Também, nesta quarta-feira, durante a cerimônia de posse do novo ministro da Justiça, André de Almeida Mendonça, Bolsonaro disse que Ramagem seria empossado no cargo “em breve”. Ao discursar, ele afirmou que respeita o Judiciário e ressaltou a independência entre os três Poderes.
“Respeito o Judiciário, respeito suas decisões, mas nós, antes de tudo, respeitamos a nossa Constituição”, afirmou, acrescentando que Ramagem foi impedido de tomar posse por uma “decisão monocrática de um ministro do STF”.
“Tenho certeza que esse sonho meu, mais dele, brevemente se concretizará para o bem da nossa Polícia Federal e do nosso Brasil”, declarou o presidente. “Uma das posições importantes, que quem nomeia sou eu, é a do diretor-geral da Polícia Federal.”
Ligações próximas ao clã Bolsonaro
Ramagem, um amigo da família do presidente Jair Bolsonaro, havia sido oficialmente indicado para o cargo na terça-feira. Sua posse estava prevista para ocorrer às 15h desta quarta. A decisão de Moraes atendeu a um pedido de liminar do Partido Democrático Trabalhista (PDT). Na ação, a legenda apontou que a nomeação revelava “flagrante abuso de poder, na forma de desvio de finalidade” e mencionou acusações do ex-ministro Sergio Moro contra o presidente.
Moraes listou os argumentos do partido e destacou que a PF não é um “órgão de inteligência da Presidência”. “Tais acontecimentos, juntamente com o fato de a Polícia Federal não ser órgão de inteligência da Presidência da República, mas sim exercer, os termos do artigo 144, §1º, VI da Constituição Federal, com exclusividade, as funções de polícia judiciária da União, inclusive em diversas investigações sigilosas, demonstram, em sede de cognição inicial, estarem presentes os requisitos necessários para a concessão da medida liminar pleiteada”, escreveu Moraes.
Antes de ser nomeado para a PF, Ramagem ocupava o cargo de diretor da Agência Brasileira de Inteligência (Abin). Ele é amigo dos filhos do presidente, especialmente do vereador Carlos Bolsonaro. A própria nomeação para a chefia da Abin foi atribuída a sua proximidade com Carlos.

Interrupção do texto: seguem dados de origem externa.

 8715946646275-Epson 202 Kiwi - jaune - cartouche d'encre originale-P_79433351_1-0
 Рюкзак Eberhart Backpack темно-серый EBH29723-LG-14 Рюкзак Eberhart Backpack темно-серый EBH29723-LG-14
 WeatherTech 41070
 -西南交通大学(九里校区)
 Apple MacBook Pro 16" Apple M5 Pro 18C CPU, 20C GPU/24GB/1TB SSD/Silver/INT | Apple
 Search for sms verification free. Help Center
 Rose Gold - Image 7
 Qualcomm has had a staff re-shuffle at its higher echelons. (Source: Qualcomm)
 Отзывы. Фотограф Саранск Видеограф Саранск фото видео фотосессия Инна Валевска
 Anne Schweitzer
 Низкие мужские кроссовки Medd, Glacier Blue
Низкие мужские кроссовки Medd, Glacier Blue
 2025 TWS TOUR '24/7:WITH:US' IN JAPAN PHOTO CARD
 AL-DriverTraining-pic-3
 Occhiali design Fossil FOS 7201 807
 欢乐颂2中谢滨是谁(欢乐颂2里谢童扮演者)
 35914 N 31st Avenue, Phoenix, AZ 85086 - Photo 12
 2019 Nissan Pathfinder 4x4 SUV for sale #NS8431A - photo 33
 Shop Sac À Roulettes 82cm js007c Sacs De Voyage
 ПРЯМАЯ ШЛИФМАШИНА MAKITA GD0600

A escolha para a PF de uma figura tão próxima do clã Bolsonaro havia provocado críticas no meio político, judiciário e policial. Partidos já haviam avisado que fariam uma ofensiva judicial para barrar a nomeação, acusando o presidente de agir para blindar seu clã. Até mesmo assessores do Planalto haviam advertido o presidente sobre o potencial desgaste de uma enxurrada de ações na Justiça contra a nomeação de Ramagem.

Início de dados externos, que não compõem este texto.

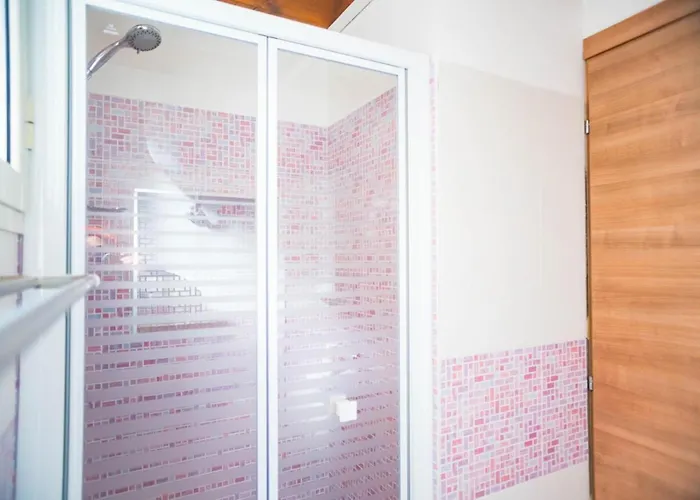 Апартаменты Cantelmo Retreat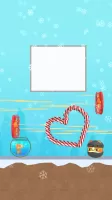 Draw A Line Puzzle MOD APK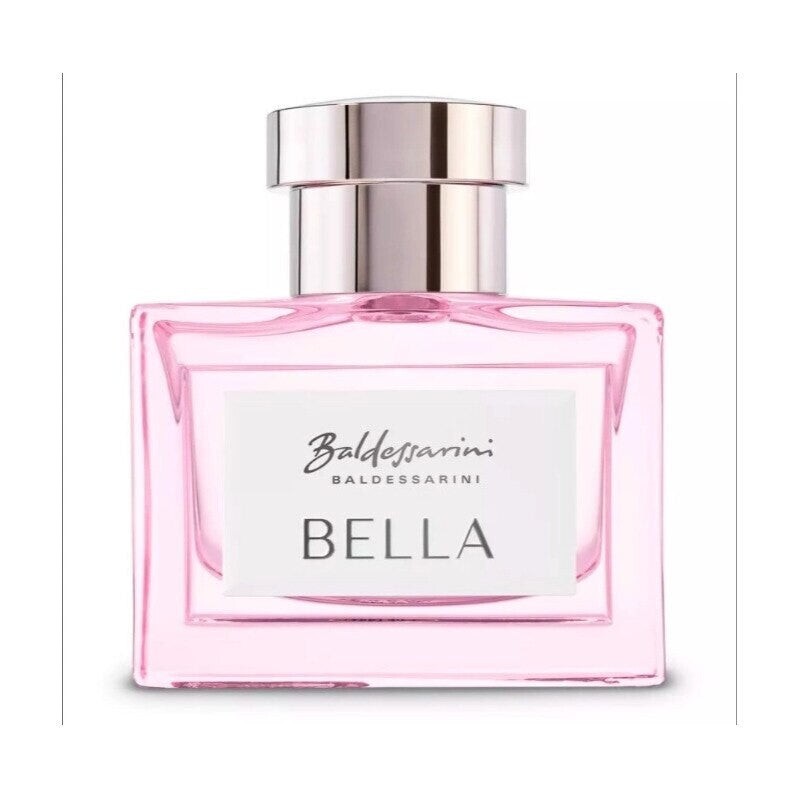 Baldessarini Ladies Bella EDP 1.0 oz Fragrances - Luxurious Fragrance Available Online in Hong Kong & China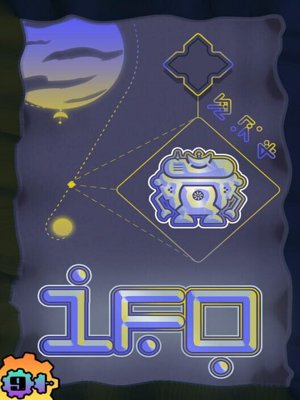 I.F.O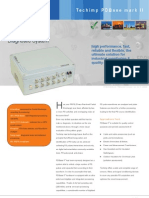 Partial Discharge Diagnostic System PDF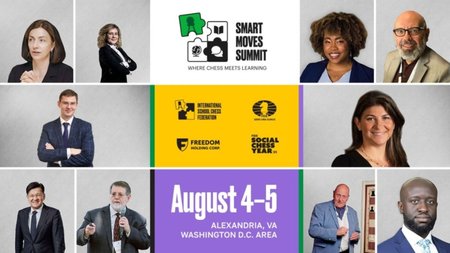 MixCollage-30-Jul-2025-12-06-PM-8991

O delegado deveria substituir Maurício Valeixo, que foi exonerado na semana passada por Bolsonaro. O episódio levou à saída do ex-juiz Sergio Moro do Ministério da Justiça. Ao deixar o cargo, Moro acusou o presidente de interferência política na PF.

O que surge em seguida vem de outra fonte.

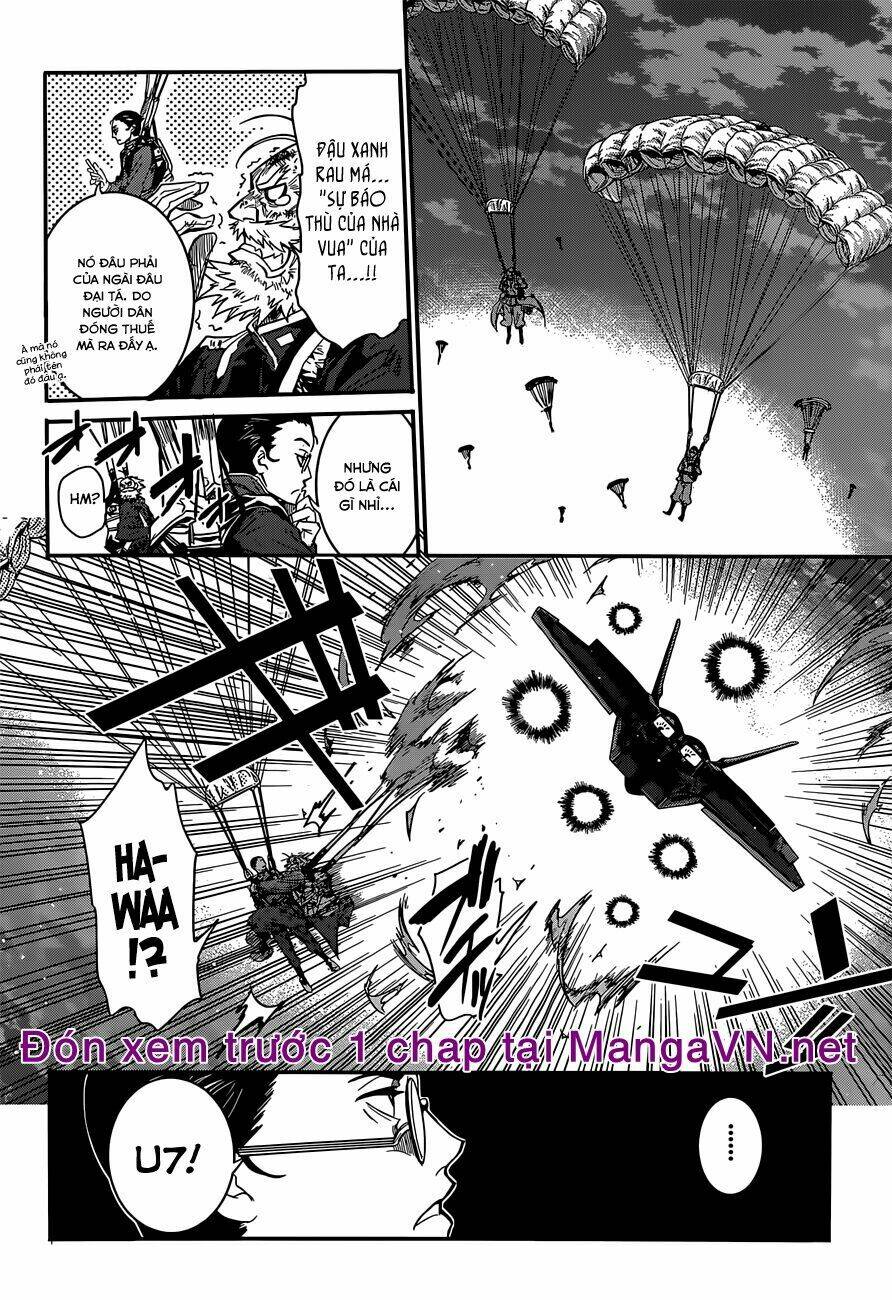 q (shihira tatsuya) chapter 3 25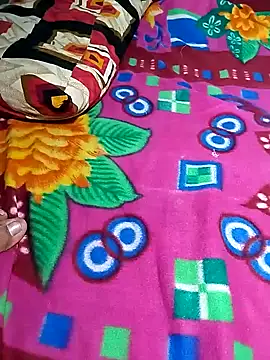 Snapshot of only-injoy chatting on 11/10/25, 04:28 only-injoy online show from 11/10/25, 04:28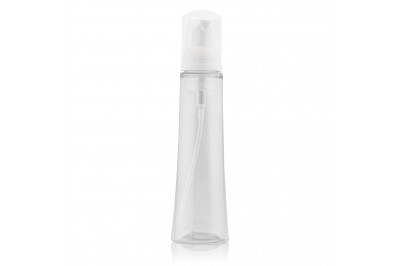 Espumador Cristal 150ml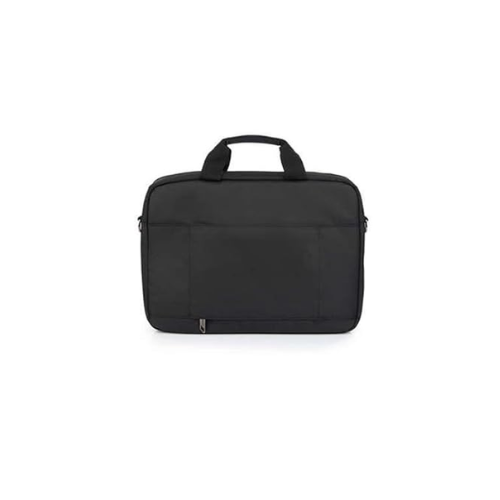 AMERICAN TOURISTER BASS BRIEFCASE 02 BLACK 5400520159922 - Red Rhino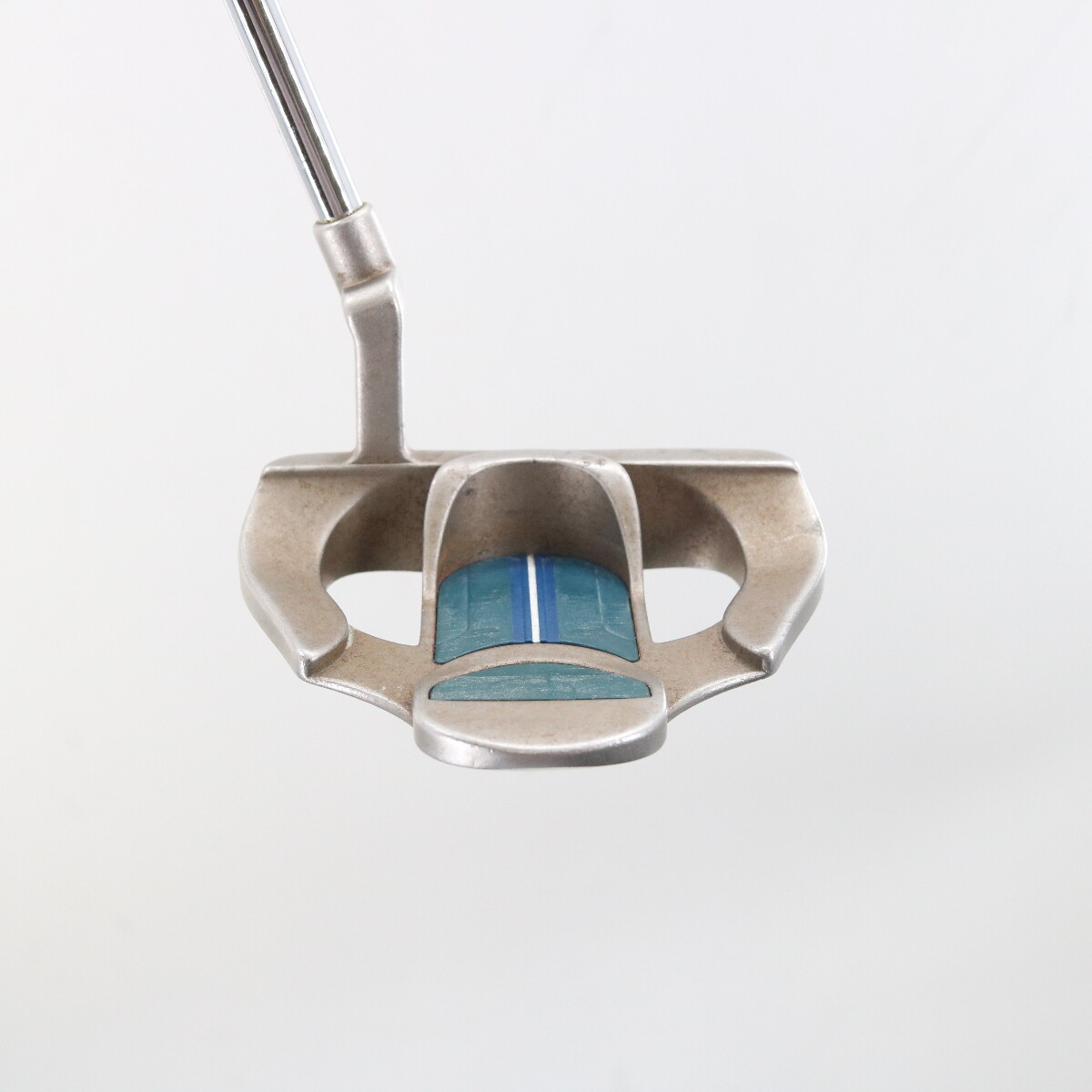 Ping G5i Craz-E H Putter Black Dot 33 Inches Steel Right Ping G5i Craz-E H Putter Black Dot 33 Inches Steel Right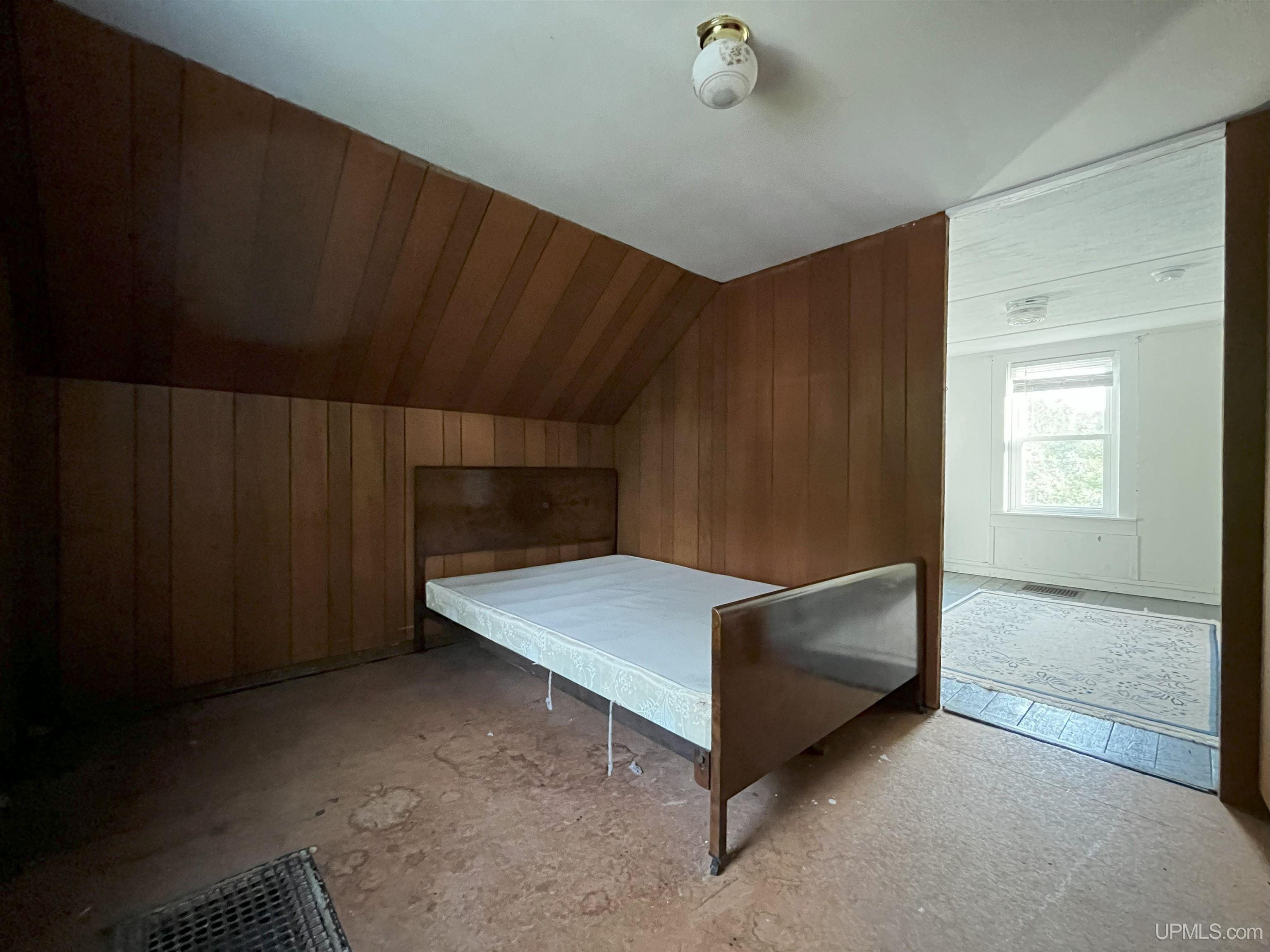 54866 Tecumseh Road Calumet, MI 49913 - Photo 27 of 38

O presidente não vinha escondendo que estava insatisfeito com a corporação e especialmente com Valeixo, homem de confiança de Moro, que atuou no Paraná com o então juiz durante a Operação Lava Jato.
A tensão já havia começado no ano passado, mas se intensificou nas últimas semanas quando a PF passou a investigar deputados bolsonaristas envolvidos na convocação de manifestações anticonstitucionais e figuras suspeitas de coordenar uma rede de fake news, entre elas um dos filhos do presidente, o vereador Carlos.
Ao deixar o cargo, Moro revelou uma troca de mensagens na qual o presidente Bolsonaro cobrava uma troca do comando da Polícia Federal após citar uma investigação envolvendo aliados do governo.